[Opening Data section]

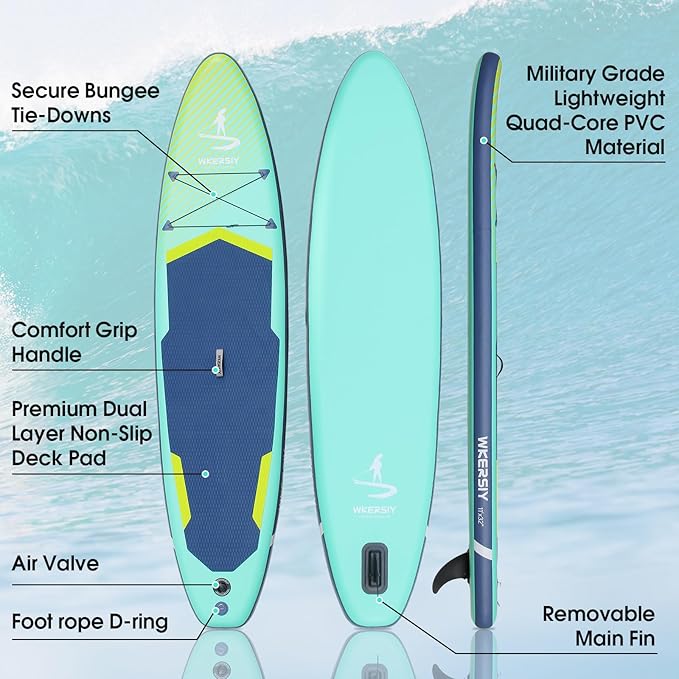 11”32“6 Premium Inflatable Stand Up Paddle Boards with Durable SUP Paddle Board Accessories Wide Stable Design Includes Backpack Required Parts Non-Slip Comfort Deck for Youth & Adults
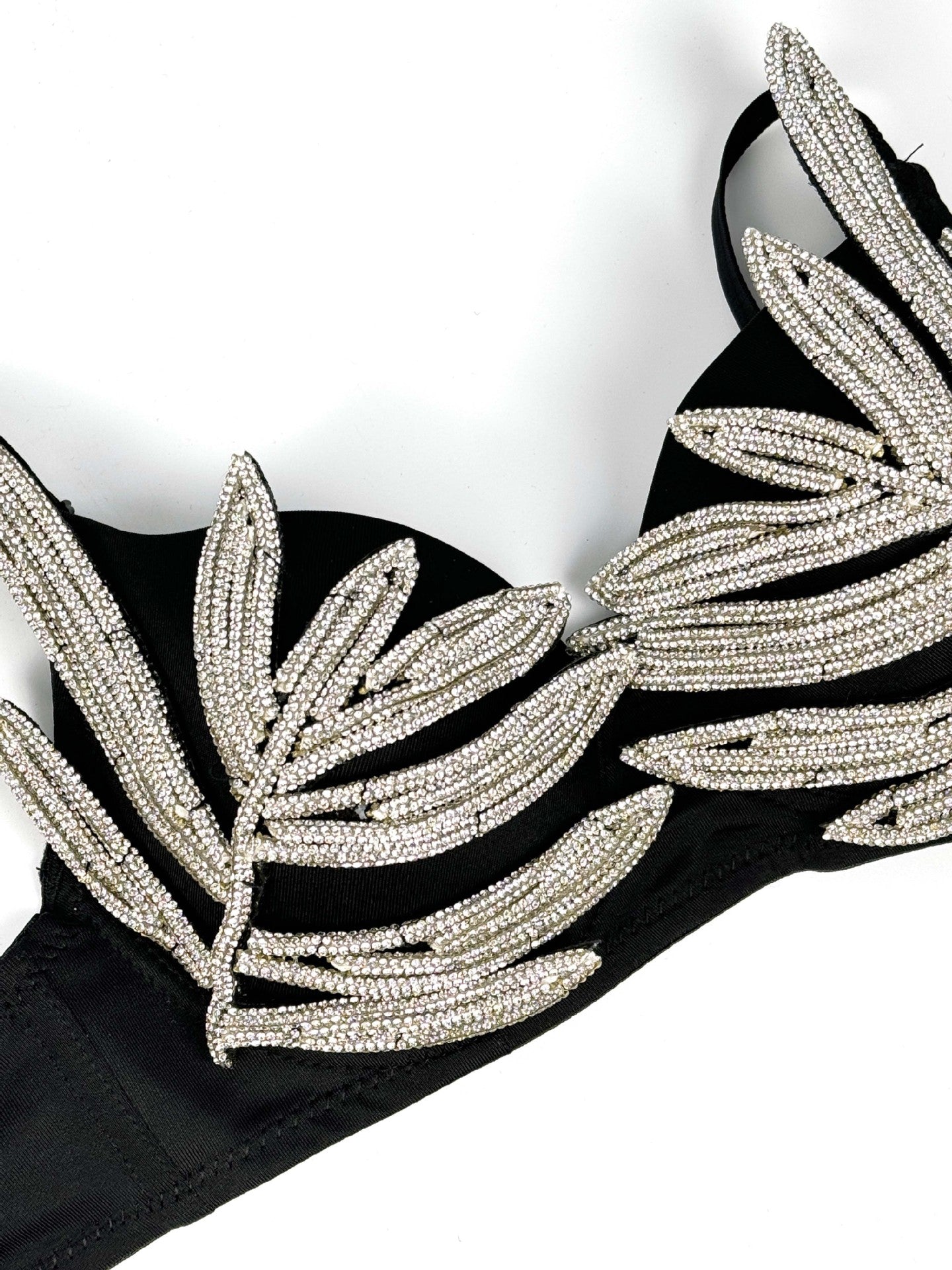 3D Rhinestone Shaping Bra [Black]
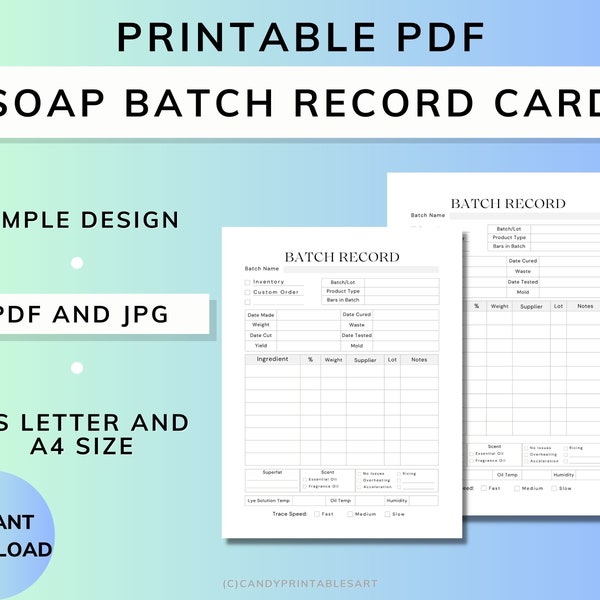 Soap Batch Record, Soap Making Business Template, Soap Product Planner, Printable Insert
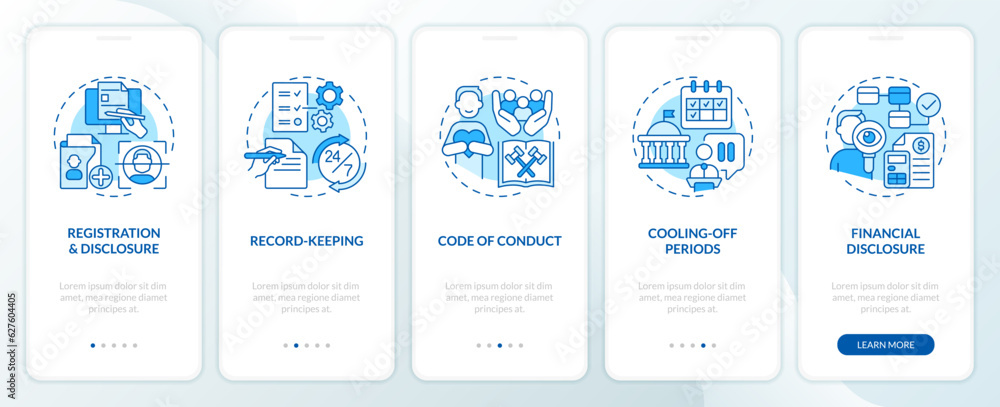 Poster 2d thin line icons representing lobbying government mobile app screen set. 5 steps graphic instructi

[Closing Data section]

» Task requirements:
Word for word, give the data above again, without any images.

» Answer area:
 11”32“6 Premium Inflatable Stand Up Paddle Boards with Durable SUP Paddle Board Accessories Wide Stable Design Includes Backpack Required Parts Non-Slip Comfort Deck for Youth & Adults
 3D Rhinestone Shaping Bra [Black]
 Soap Batch Record, Soap Making Business Template, Soap Product Planner, Printable Insert
 Poster 2d thin line icons representing lobbying government mobile app screen set. 5 steps graphic instructi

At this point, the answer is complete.